Task details - All lines at and after the one containing "Read Frieren ES Manga Online", up to the end of the listing below, are to be printed exactly, with the pictures omitted.

★ ★ ★ ★

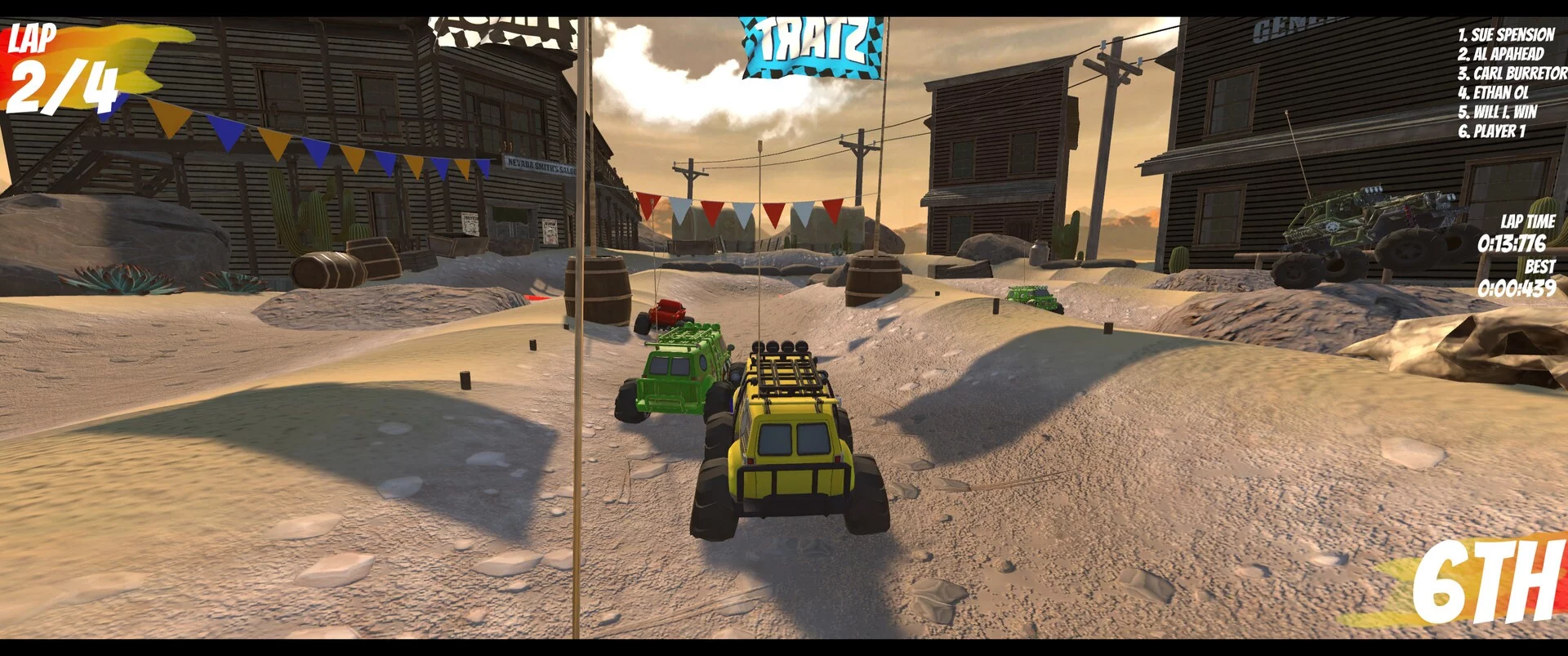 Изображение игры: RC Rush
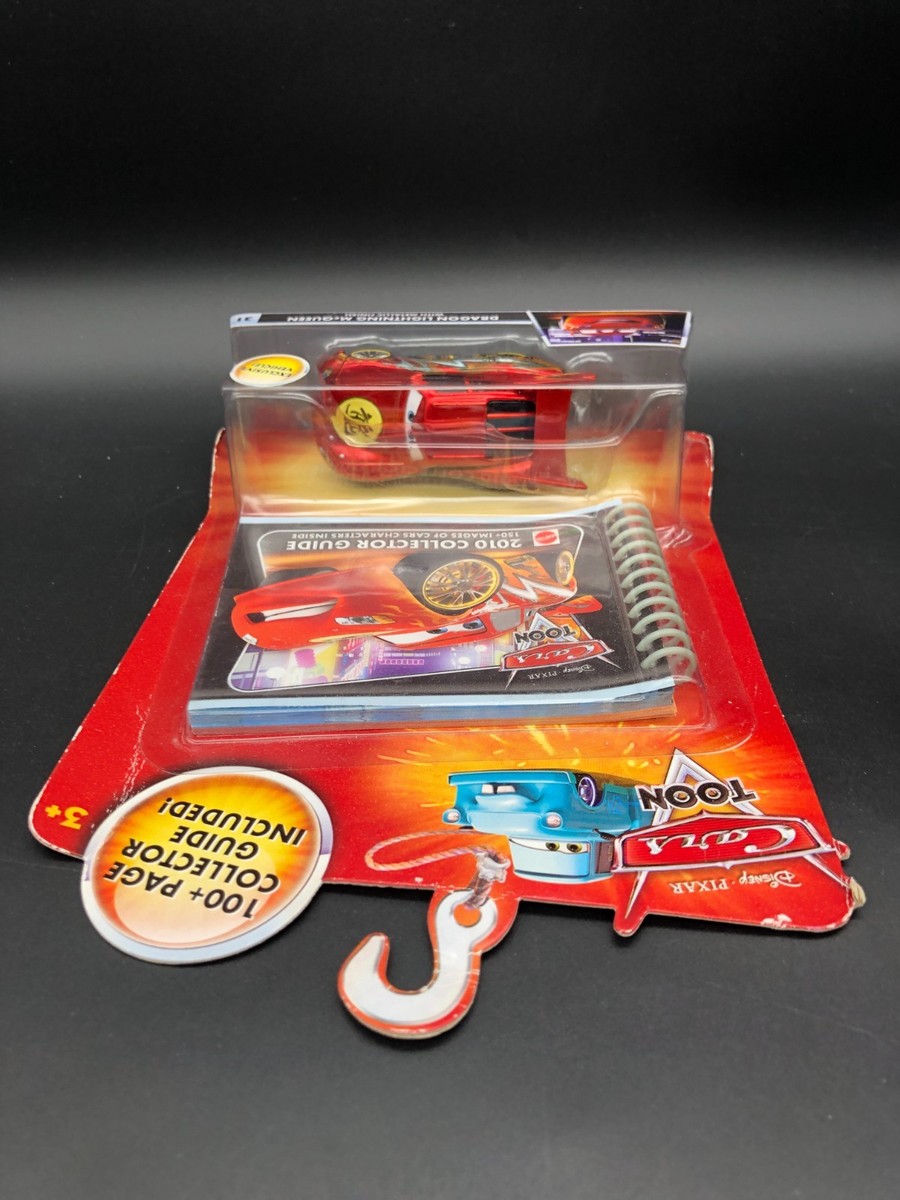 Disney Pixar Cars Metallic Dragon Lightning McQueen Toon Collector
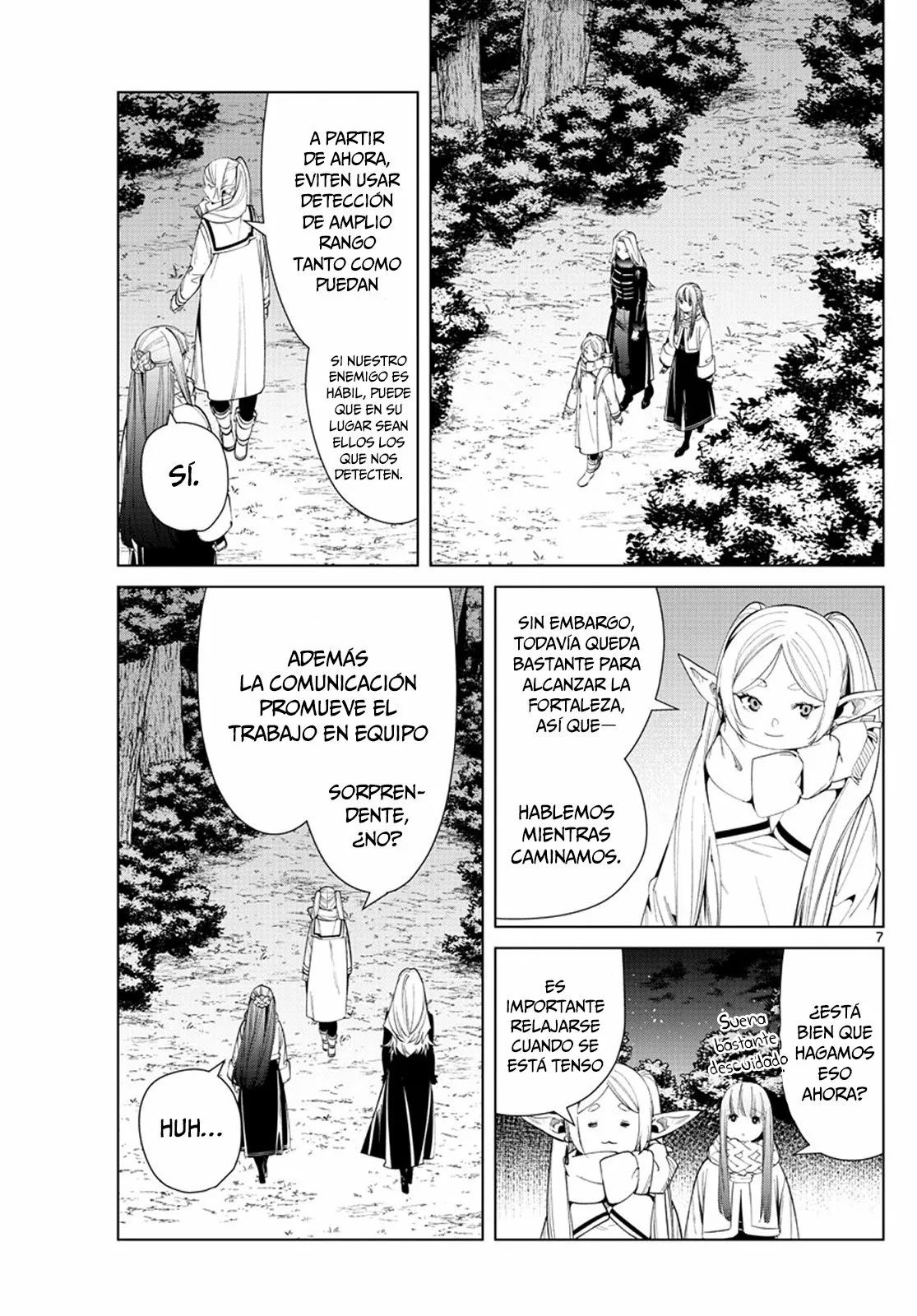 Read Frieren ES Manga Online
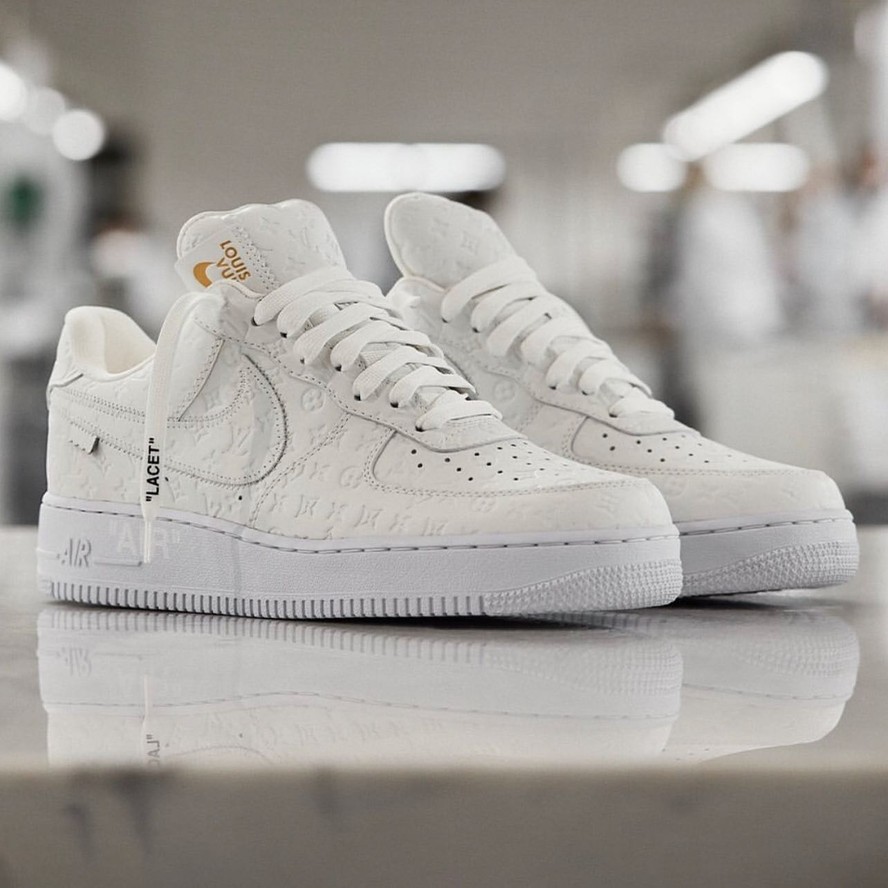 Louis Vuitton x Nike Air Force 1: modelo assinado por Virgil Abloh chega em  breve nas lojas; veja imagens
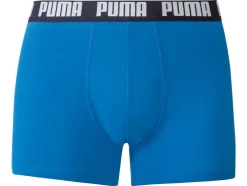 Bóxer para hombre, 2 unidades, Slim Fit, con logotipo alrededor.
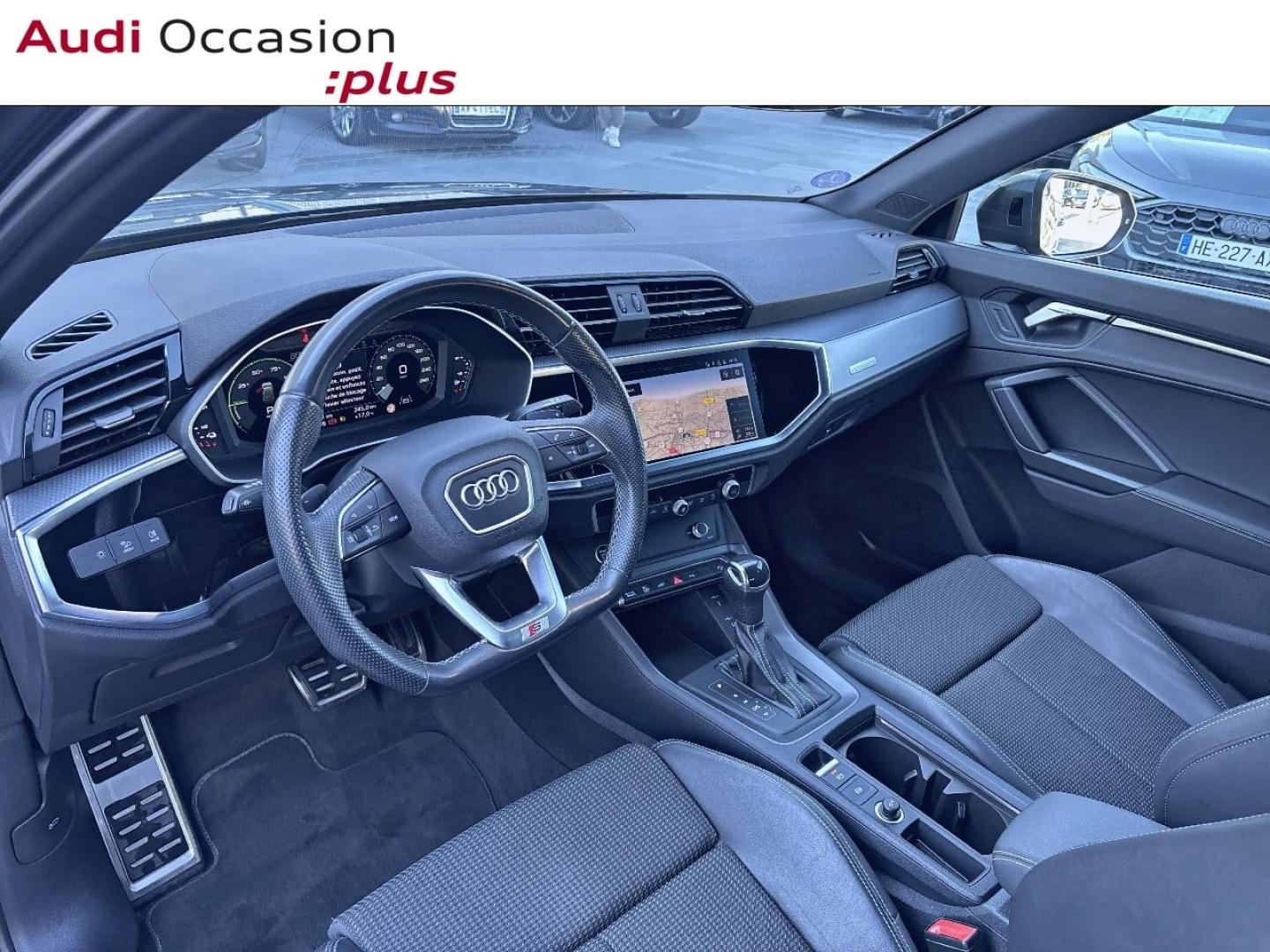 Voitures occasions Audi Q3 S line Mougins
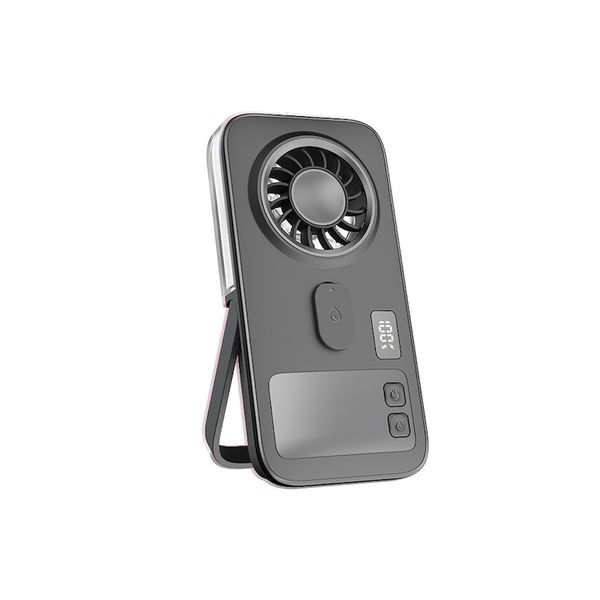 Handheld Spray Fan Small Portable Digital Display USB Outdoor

★ ★ ★ ★

Solution -
 Read Frieren ES Manga Online
 Louis Vuitton x Nike Air Force 1: modelo assinado por Virgil Abloh chega em  breve nas lojas; veja imagens
 Bóxer para hombre, 2 unidades, Slim Fit, con logotipo alrededor.
 Voitures occasions Audi Q3 S line Mougins
 Handheld Spray Fan Small Portable Digital Display USB Outdoor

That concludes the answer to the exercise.